High Functioning Depression is also known as Dysthymia and it differs from Depression. While Depression is a severe mental illness that impacts a person’s quality of life to the point where they can barely function, Dysthymia is more subtle than that. Someone who suffers from depression isolates from friends and family and stops engaging in things that they used to enjoy. At its worst, depression can lead a person to end one’s life. Dysthymia or High Functioning relationships manifests differently than Major Depressive Disorder for example. People with this condition often blend in and don’t appear to be in distress. A person with dysthymia is often high achieving and can maintain healthy relationships. An individual suffering from this condition may not appear unwell, which makes it difficult to get them the help that they desperately need.
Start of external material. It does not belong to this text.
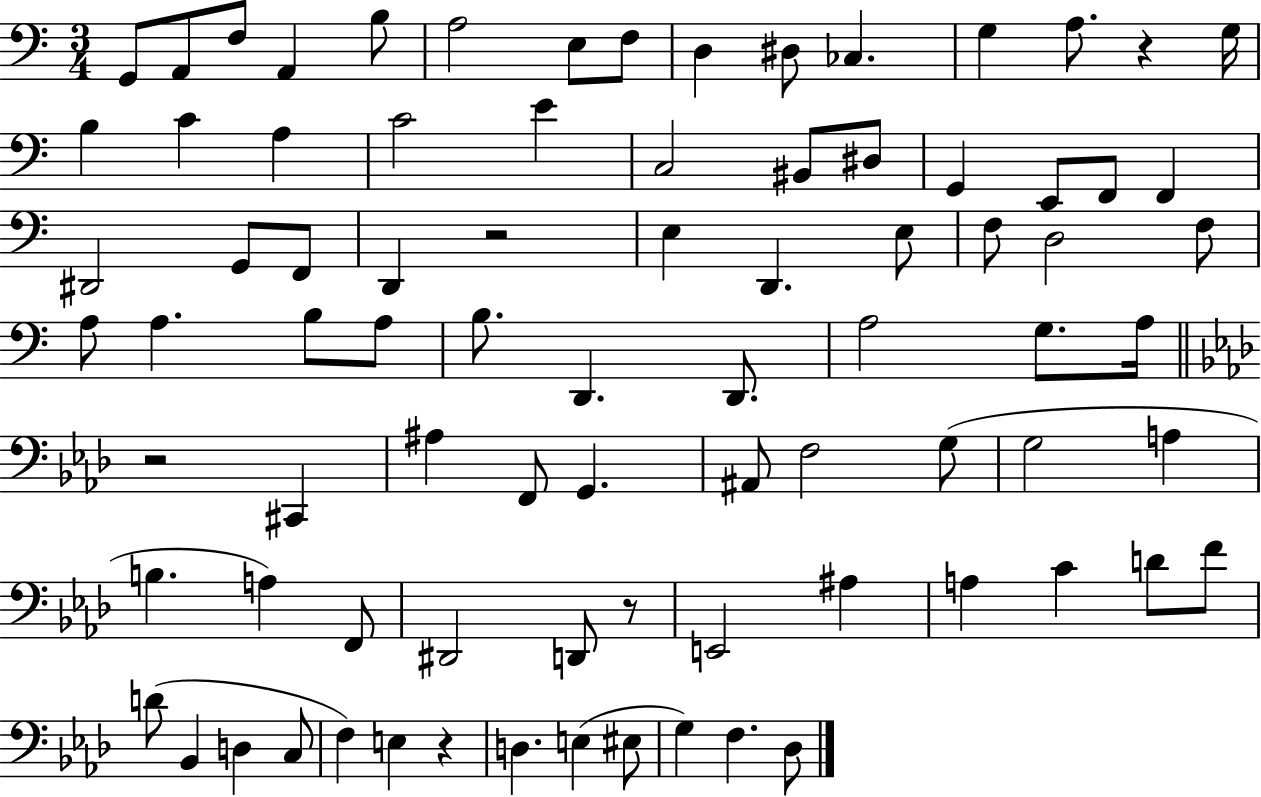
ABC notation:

People with High Functioning Depression often feel a sense of malaise or subtle sadness that doesn’t seem to have an origin. They may feel chronically tired or find themselves working overtime to avoid their feelings. Individuals with dysthymia can sometimes be perfectionistic and have trouble letting go when things don’t go their way. They might now know why they’re having these feelings, but it could be High Functioning Depression, and it’s crucial to find help for this condition. Stigma is pervasive when it comes to seeking mental health treatment for some people, and particularly those with High Functioning Depression. They may see their symptoms as “weakness,” which makes them reticent to seek out therapy when counseling could help them. If you think you’re dealing with High Functioning Depression, don’t second guess yourself. You can work with a therapist and get help managing this legitimate mental health issue. IMPORTANT: The information in this video is not intended or implied to be a substitute for professional medical advice, diagnosis, or treatment. All content, including text, graphics, images, and information contained in this video is for general information purposes only and does not replace a consultation with your doctor.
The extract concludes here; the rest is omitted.